• [Prompt] Only the lines from the start of the data below through the line that contains "Smiling woman with" are to be copied, exactly and without pictures.

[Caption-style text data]
######
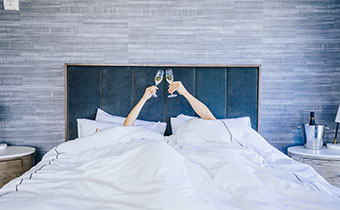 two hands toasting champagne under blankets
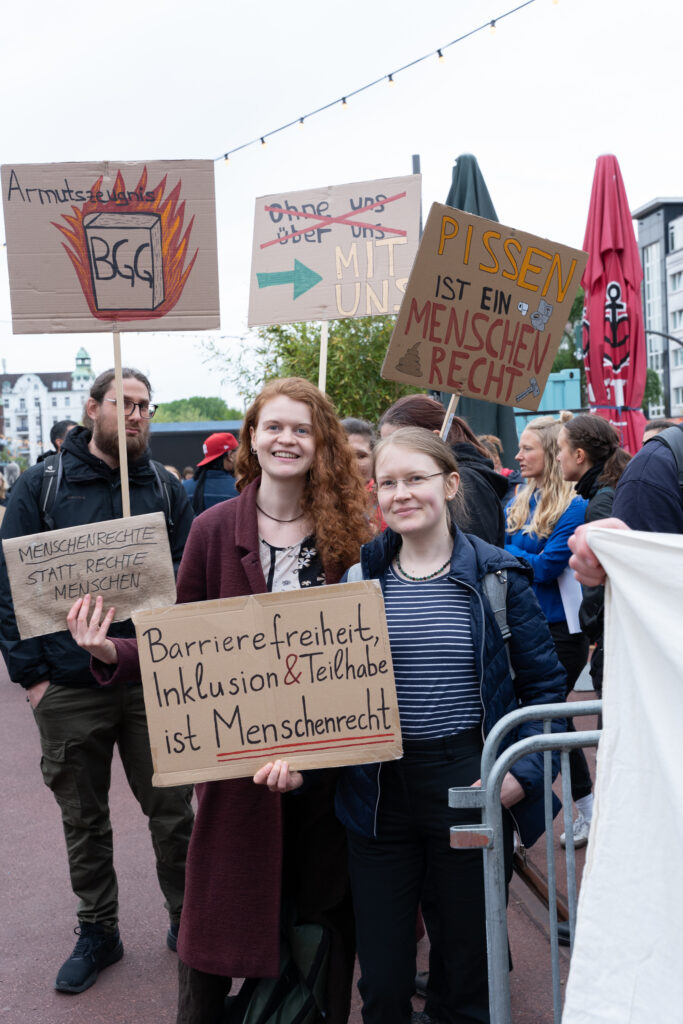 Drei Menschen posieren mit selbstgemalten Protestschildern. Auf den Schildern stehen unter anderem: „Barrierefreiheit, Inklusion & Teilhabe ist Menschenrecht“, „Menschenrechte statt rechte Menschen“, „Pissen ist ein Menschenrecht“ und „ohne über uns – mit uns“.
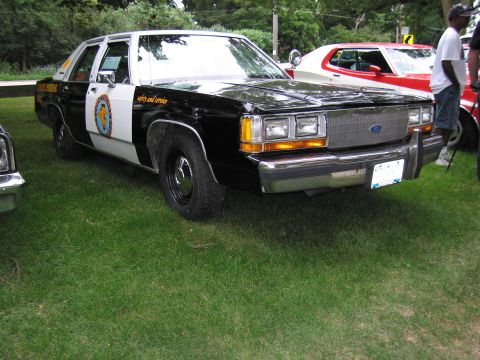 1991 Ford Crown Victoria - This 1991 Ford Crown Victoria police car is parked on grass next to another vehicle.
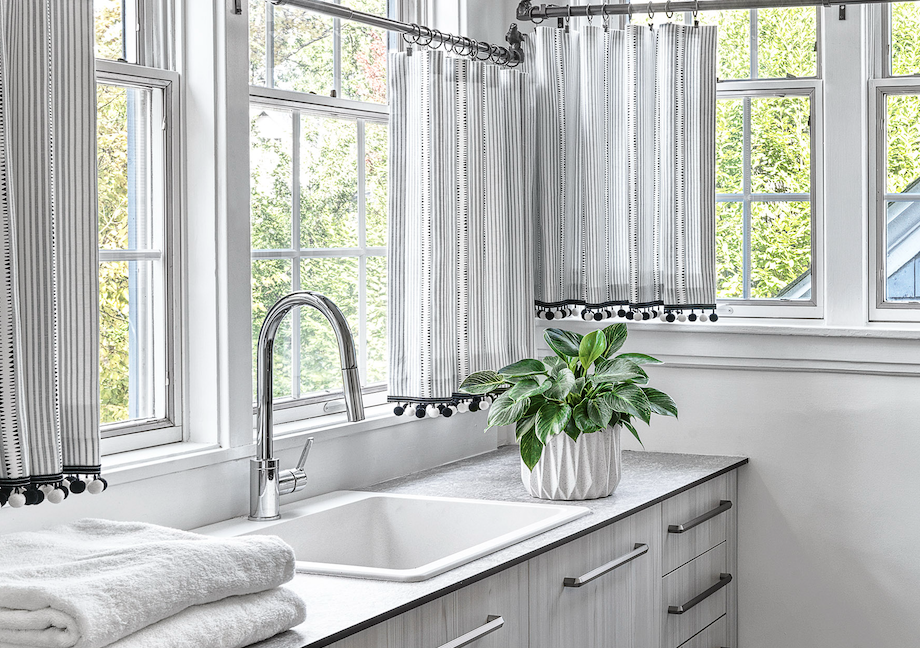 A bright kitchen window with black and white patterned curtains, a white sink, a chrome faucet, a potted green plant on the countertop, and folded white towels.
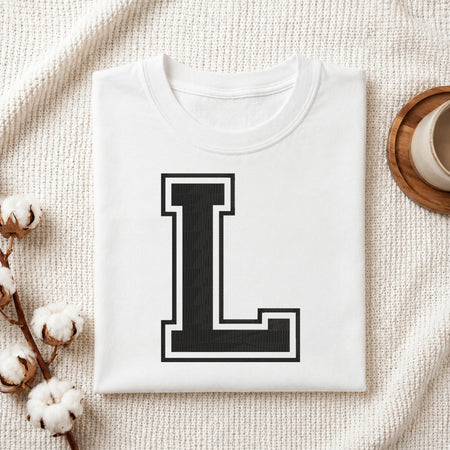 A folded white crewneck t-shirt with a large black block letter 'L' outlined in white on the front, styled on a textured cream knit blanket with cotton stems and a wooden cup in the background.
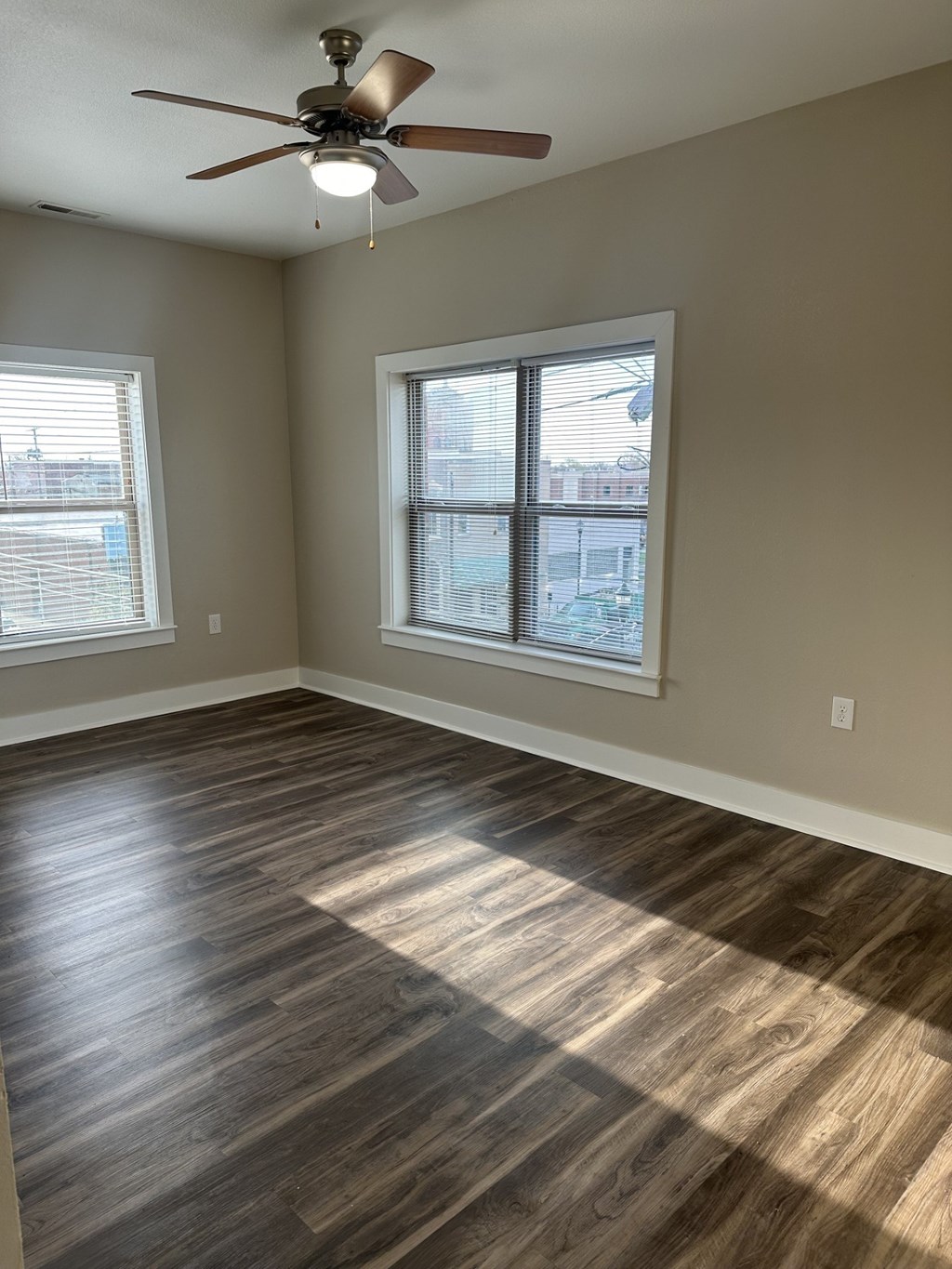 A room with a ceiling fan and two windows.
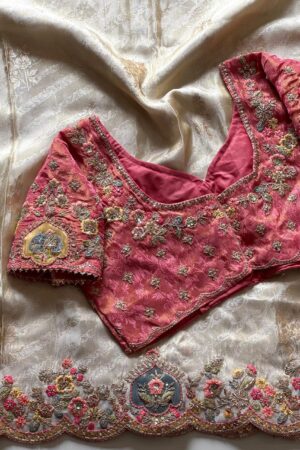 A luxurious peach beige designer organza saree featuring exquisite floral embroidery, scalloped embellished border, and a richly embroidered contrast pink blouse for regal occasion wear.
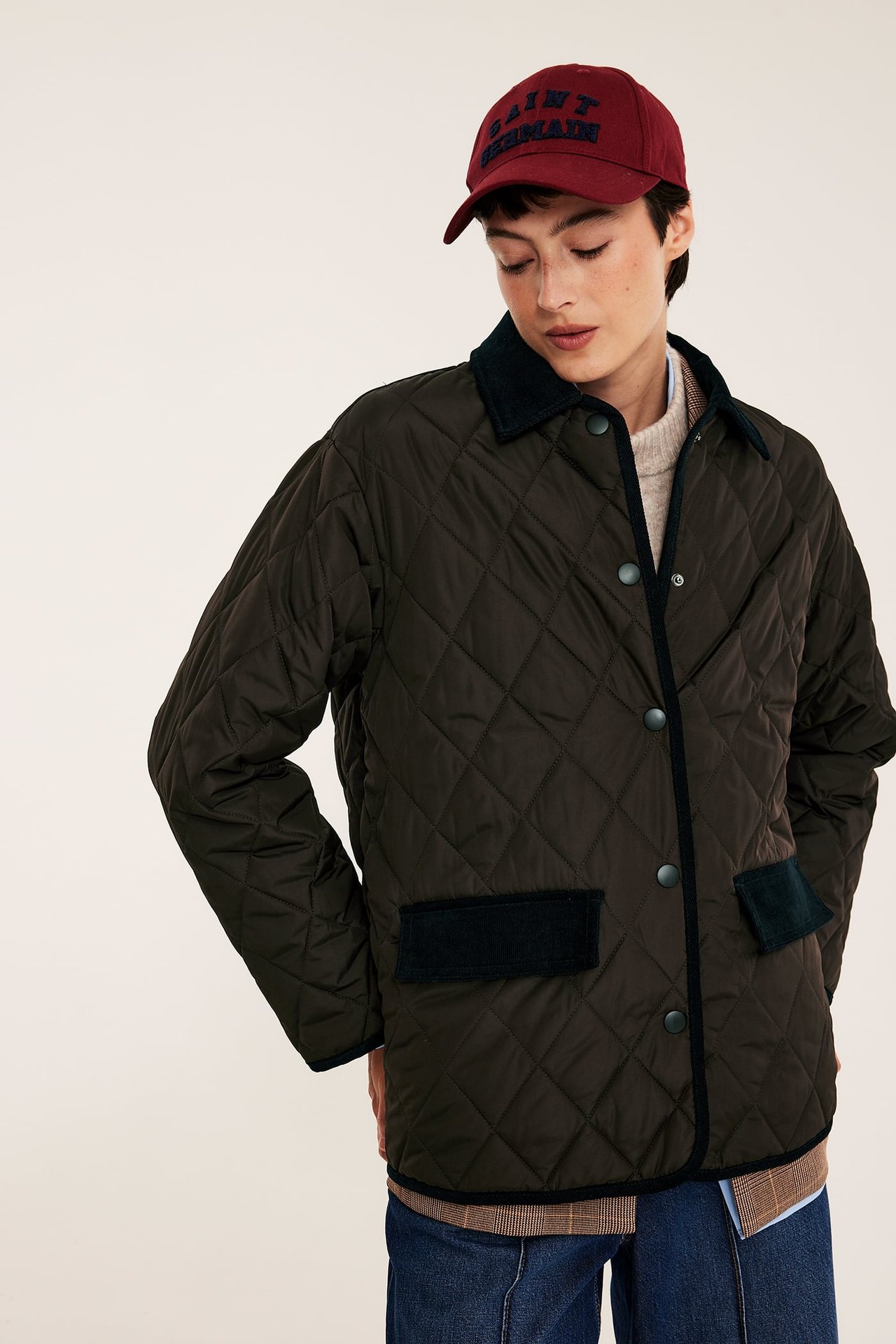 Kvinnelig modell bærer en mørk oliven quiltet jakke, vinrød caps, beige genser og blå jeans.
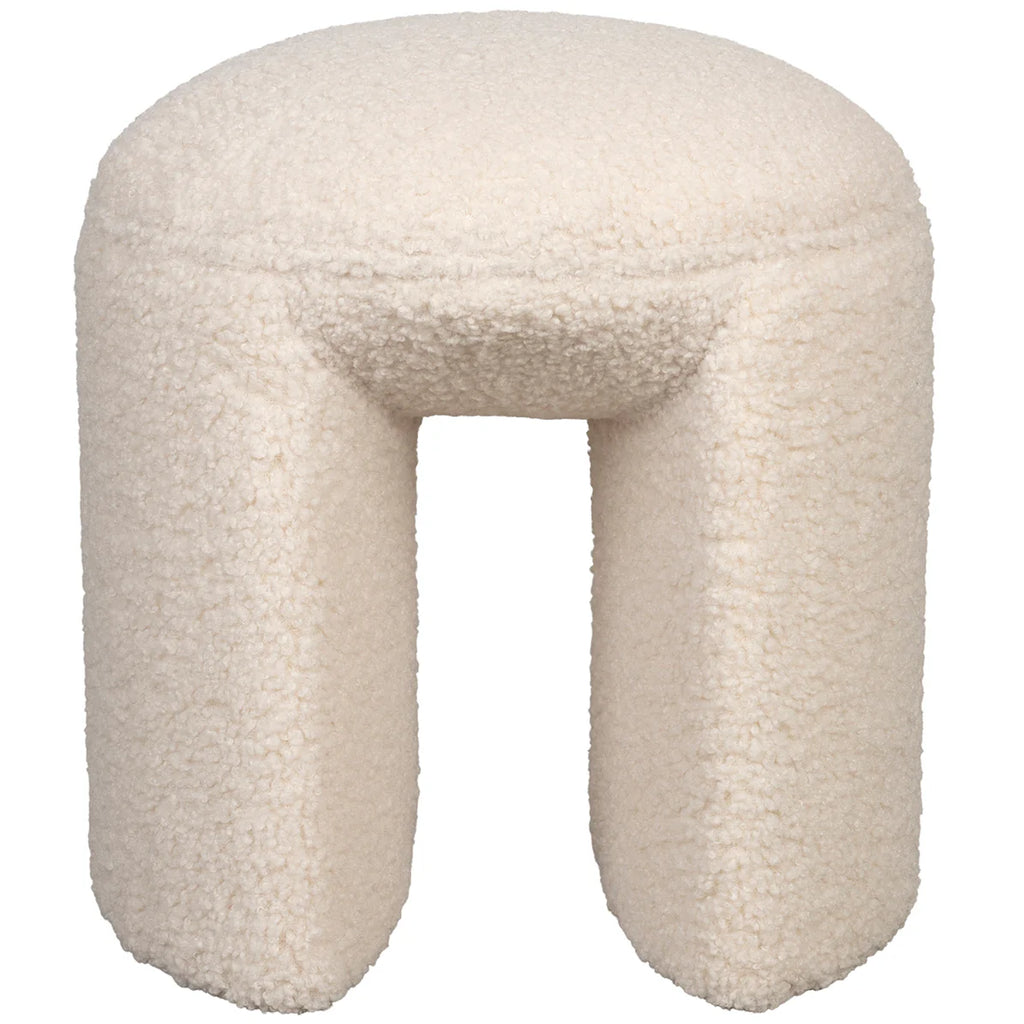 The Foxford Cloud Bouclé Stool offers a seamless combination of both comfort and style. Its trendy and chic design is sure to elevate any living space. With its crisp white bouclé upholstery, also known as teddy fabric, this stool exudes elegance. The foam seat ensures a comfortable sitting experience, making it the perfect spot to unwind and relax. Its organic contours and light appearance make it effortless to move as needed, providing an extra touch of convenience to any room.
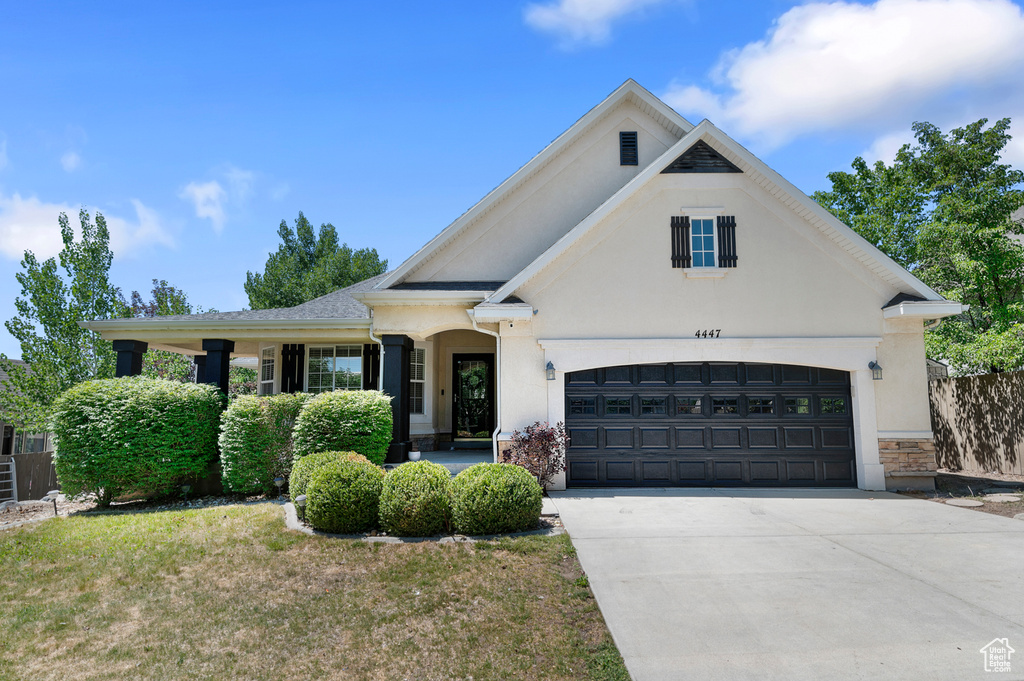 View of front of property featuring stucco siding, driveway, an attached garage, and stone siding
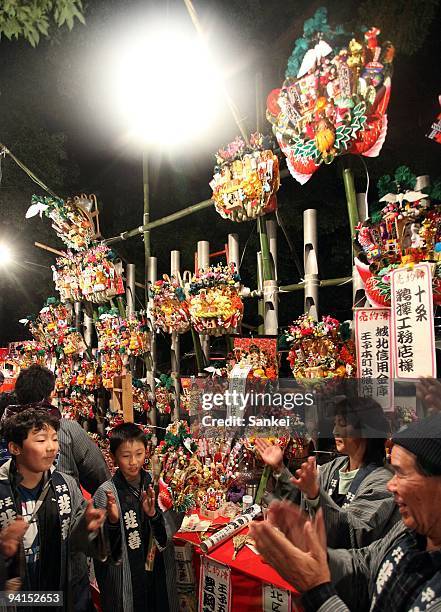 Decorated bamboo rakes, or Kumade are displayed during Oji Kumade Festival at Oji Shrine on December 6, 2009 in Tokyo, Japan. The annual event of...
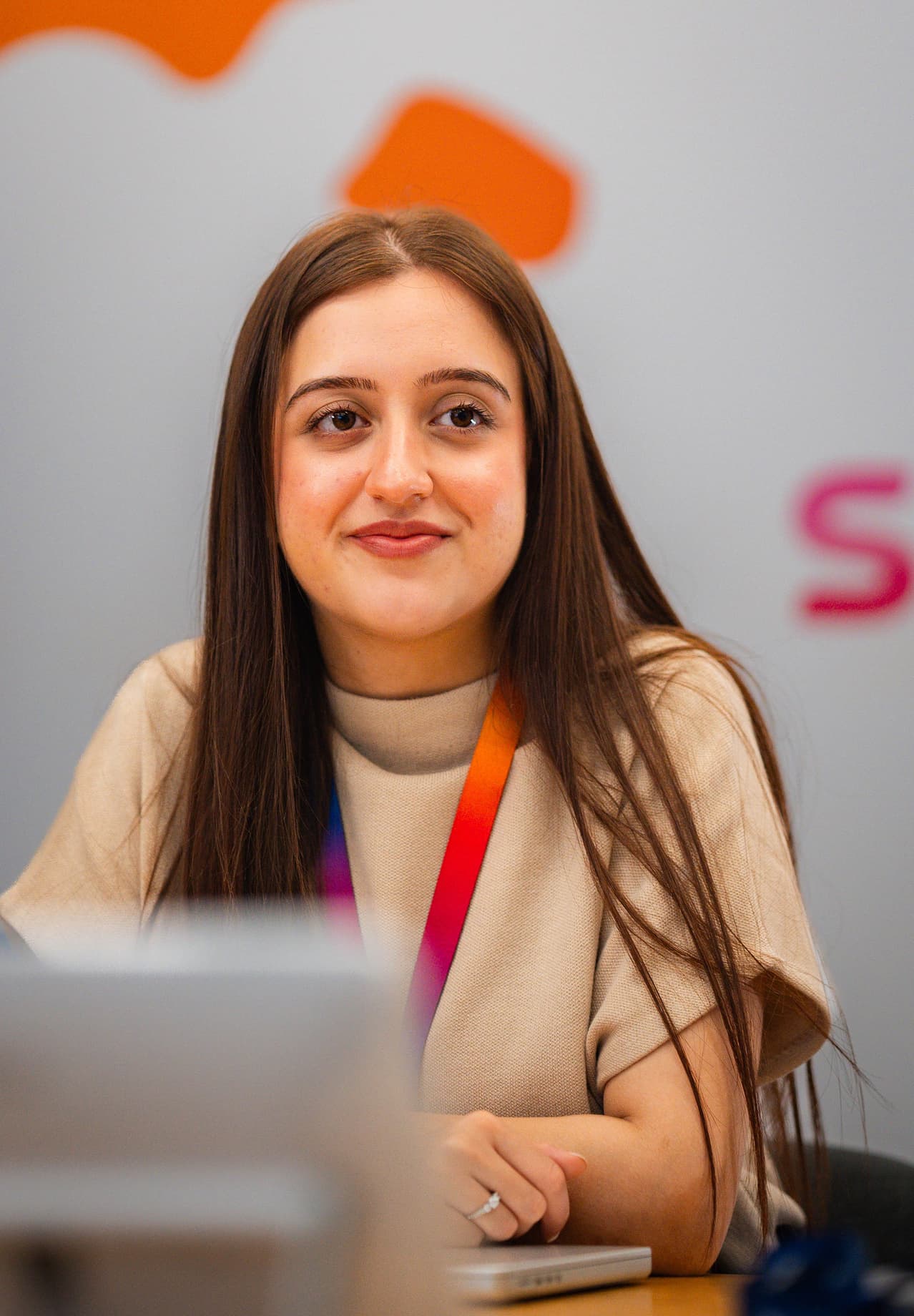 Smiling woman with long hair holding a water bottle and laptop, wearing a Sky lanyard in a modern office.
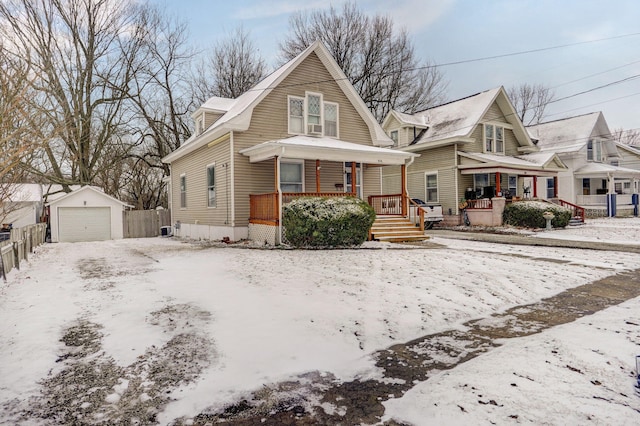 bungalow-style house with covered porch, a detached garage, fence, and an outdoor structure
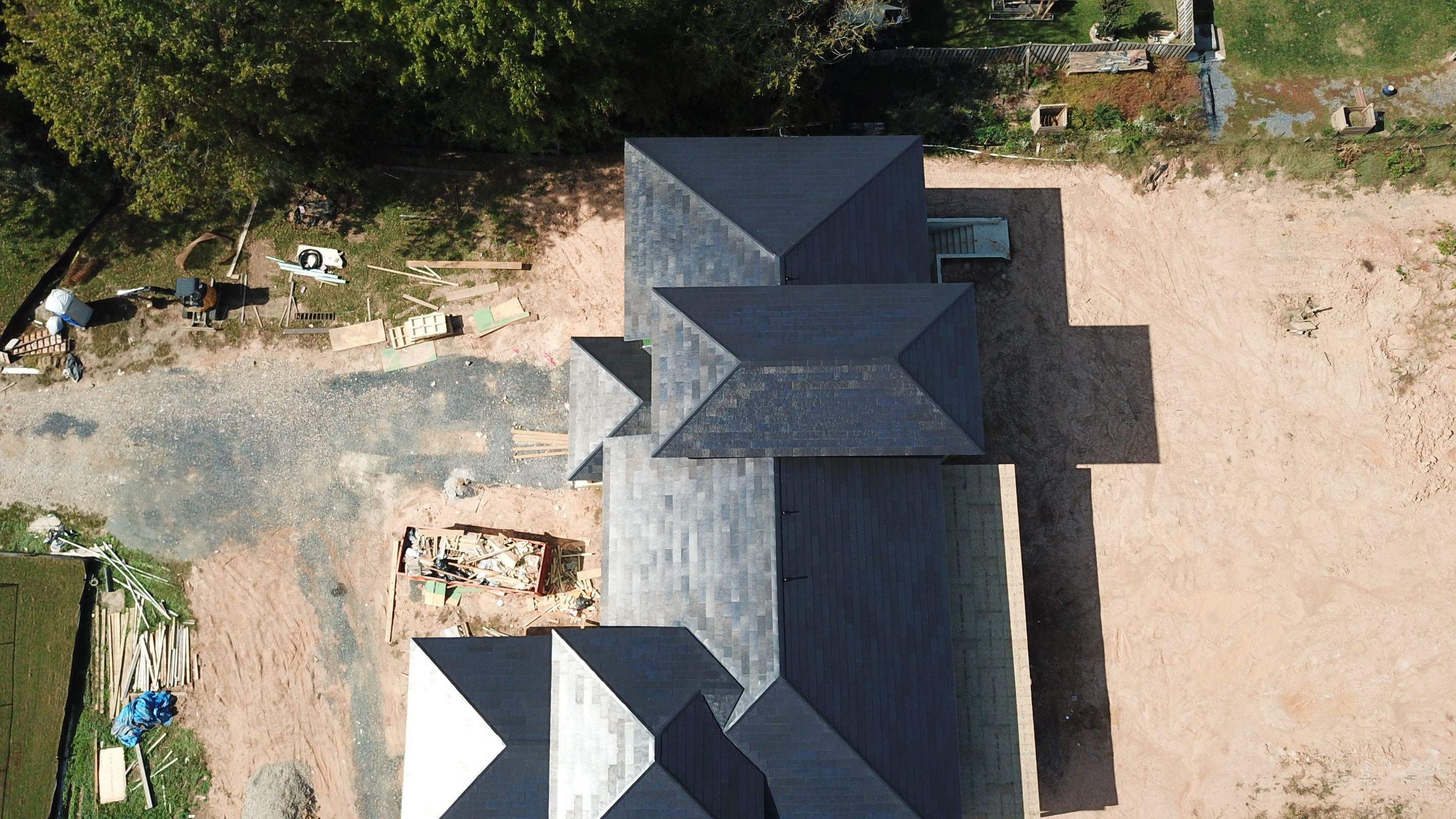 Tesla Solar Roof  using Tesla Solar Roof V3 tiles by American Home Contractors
######
• [Exercise output]
 two hands toasting champagne under blankets
 Drei Menschen posieren mit selbstgemalten Protestschildern. Auf den Schildern stehen unter anderem: „Barrierefreiheit, Inklusion & Teilhabe ist Menschenrecht“, „Menschenrechte statt rechte Menschen“, „Pissen ist ein Menschenrecht“ und „ohne über uns – mit uns“.
 1991 Ford Crown Victoria - This 1991 Ford Crown Victoria police car is parked on grass next to another vehicle.
 A bright kitchen window with black and white patterned curtains, a white sink, a chrome faucet, a potted green plant on the countertop, and folded white towels.
 A folded white crewneck t-shirt with a large black block letter 'L' outlined in white on the front, styled on a textured cream knit blanket with cotton stems and a wooden cup in the background.
 A room with a ceiling fan and two windows.
 A luxurious peach beige designer organza saree featuring exquisite floral embroidery, scalloped embellished border, and a richly embroidered contrast pink blouse for regal occasion wear.
 Kvinnelig modell bærer en mørk oliven quiltet jakke, vinrød caps, beige genser og blå jeans.
 The Foxford Cloud Bouclé Stool offers a seamless combination of both comfort and style. Its trendy and chic design is sure to elevate any living space. With its crisp white bouclé upholstery, also known as teddy fabric, this stool exudes elegance. The foam seat ensures a comfortable sitting experience, making it the perfect spot to unwind and relax. Its organic contours and light appearance make it effortless to move as needed, providing an extra touch of convenience to any room.
 View of front of property featuring stucco siding, driveway, an attached garage, and stone siding
 Decorated bamboo rakes, or Kumade are displayed during Oji Kumade Festival at Oji Shrine on December 6, 2009 in Tokyo, Japan. The annual event of...
 Smiling woman with long hair holding a water bottle and laptop, wearing a Sky lanyard in a modern office.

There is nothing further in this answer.